Supplied entries:
• • • •

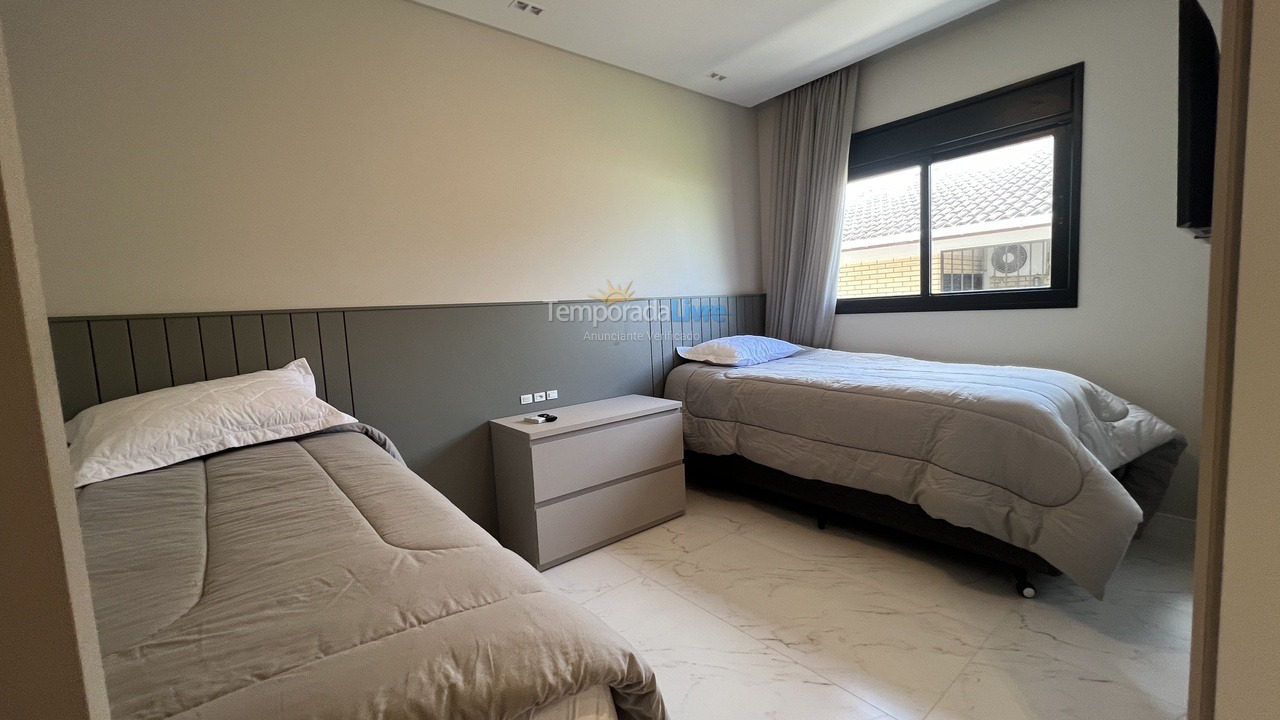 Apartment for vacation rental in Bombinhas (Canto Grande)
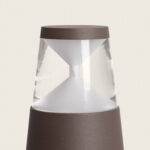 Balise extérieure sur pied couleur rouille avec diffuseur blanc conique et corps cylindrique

• • • •

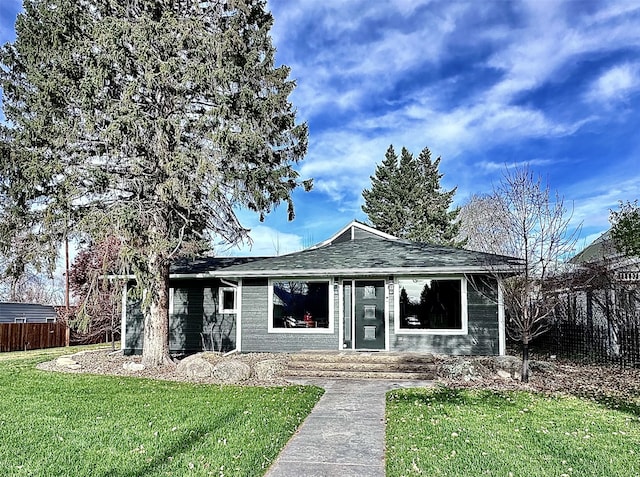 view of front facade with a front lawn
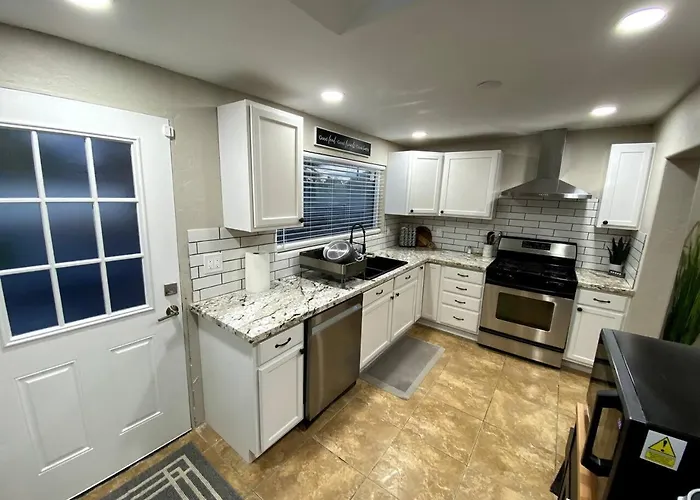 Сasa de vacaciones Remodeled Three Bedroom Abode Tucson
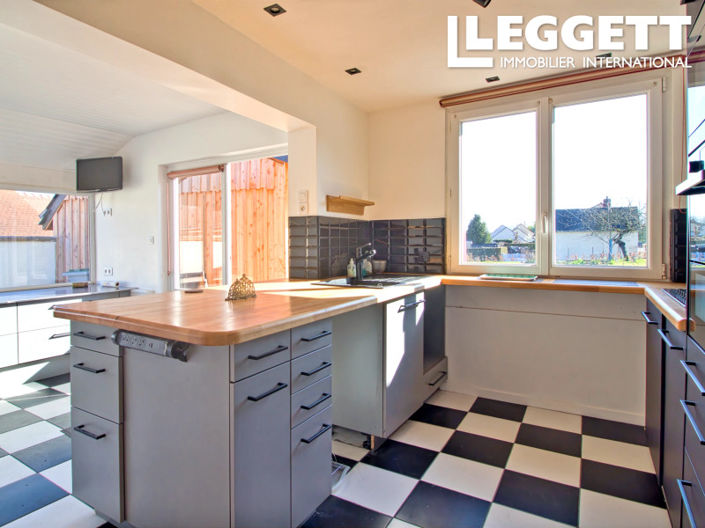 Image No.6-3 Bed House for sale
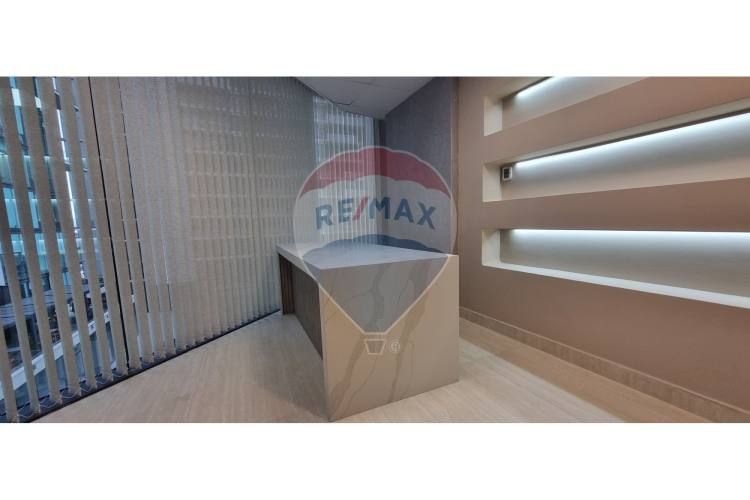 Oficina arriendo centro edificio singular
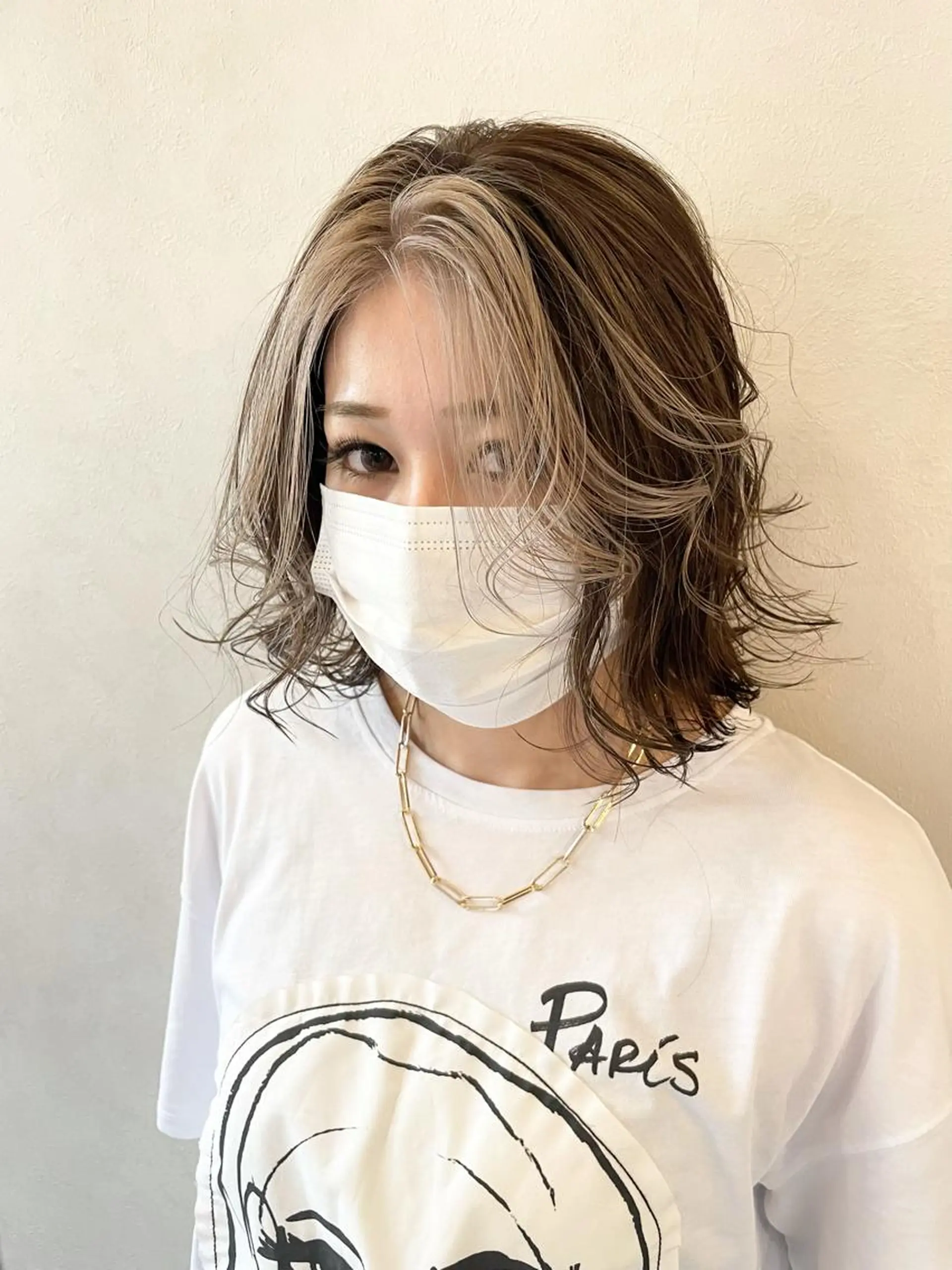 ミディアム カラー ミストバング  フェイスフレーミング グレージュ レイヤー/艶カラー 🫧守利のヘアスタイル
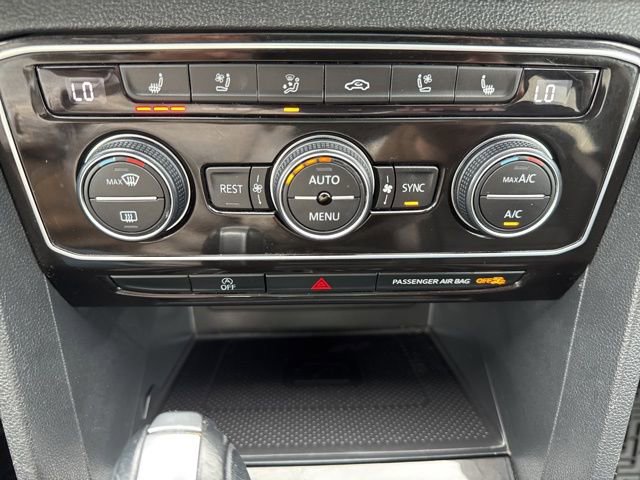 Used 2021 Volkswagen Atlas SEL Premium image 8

• • • •

Task item: Treat the line with "Apartment for vacation" as the start and the line with "Balise extérieure sur" as the end, and return exactly that span of the data above, both ends included, without pictures.

Answer to this problem:
 Apartment for vacation rental in Bombinhas (Canto Grande)
 Balise extérieure sur pied couleur rouille avec diffuseur blanc conique et corps cylindrique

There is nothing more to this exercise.